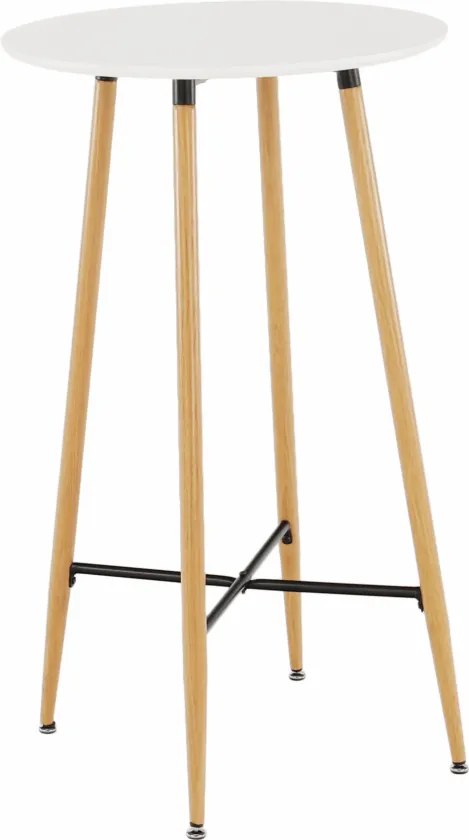 Masă de bar, alb/stejar, diametru 60 cm, IMAM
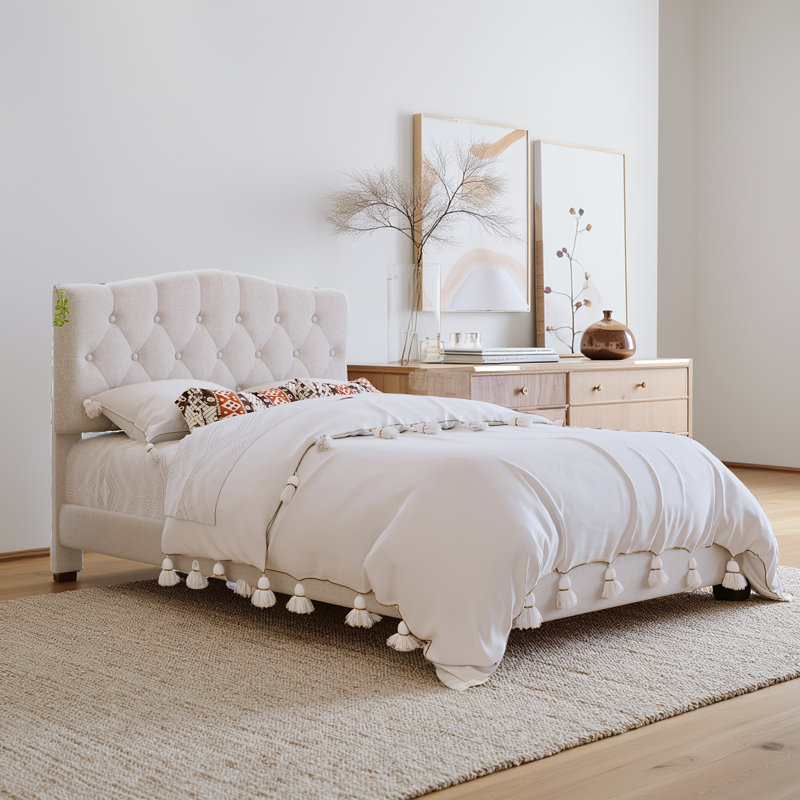 Lit en lin beige capitonné Diamond, Grand lit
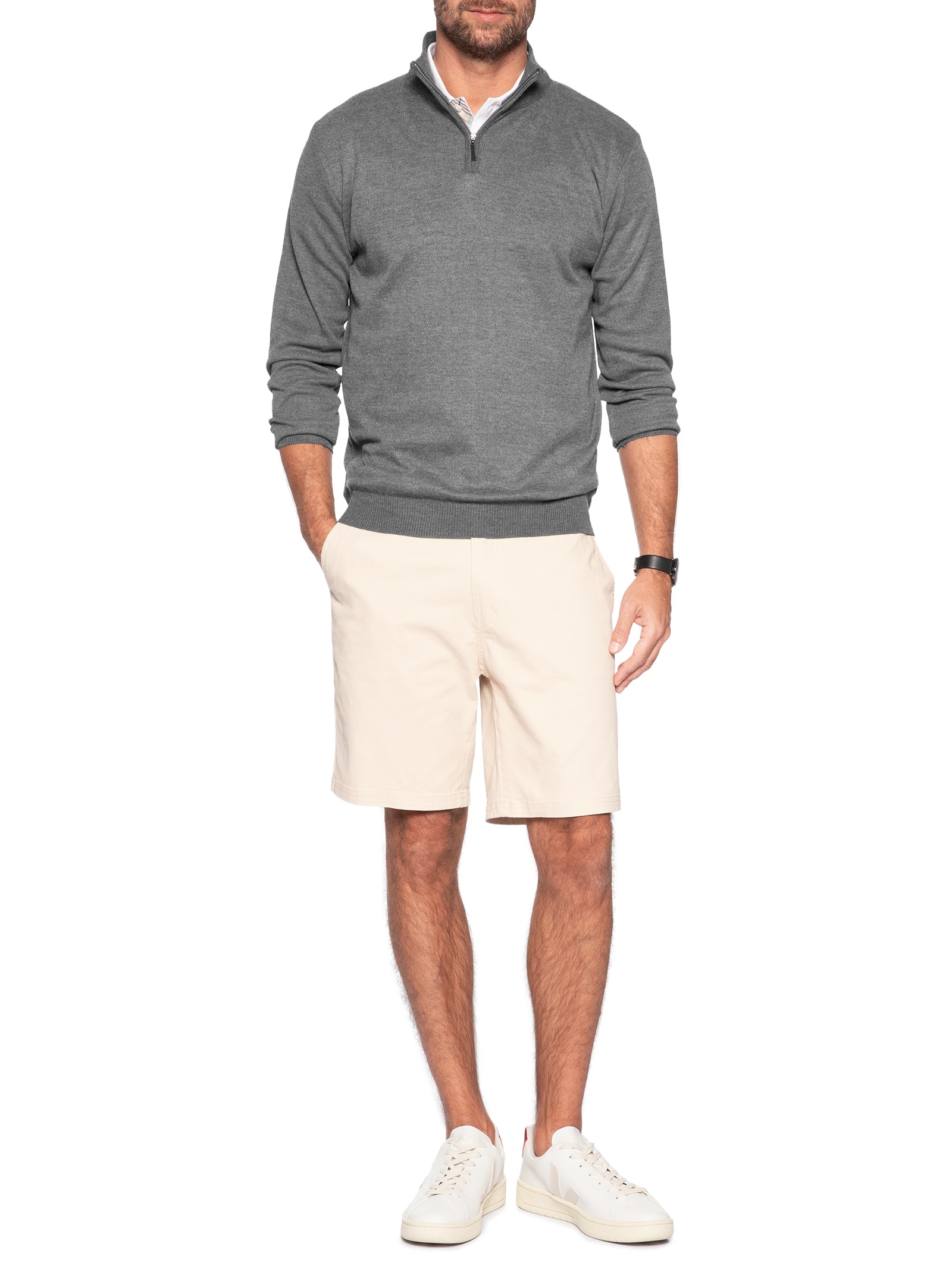 Suéter Masculino Meio Zíper Cinza '2 Essential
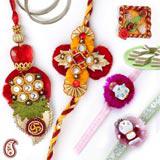 Send Handcrafted Kundan work Family Rakhi set to Usa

PROBLEM TO SOLVE |
Leave out the pictures and return the listing exactly.

OUTPUT |
 Masă de bar, alb/stejar, diametru 60 cm, IMAM
 Lit en lin beige capitonné Diamond, Grand lit
 Suéter Masculino Meio Zíper Cinza '2 Essential
 Send Handcrafted Kundan work Family Rakhi set to Usa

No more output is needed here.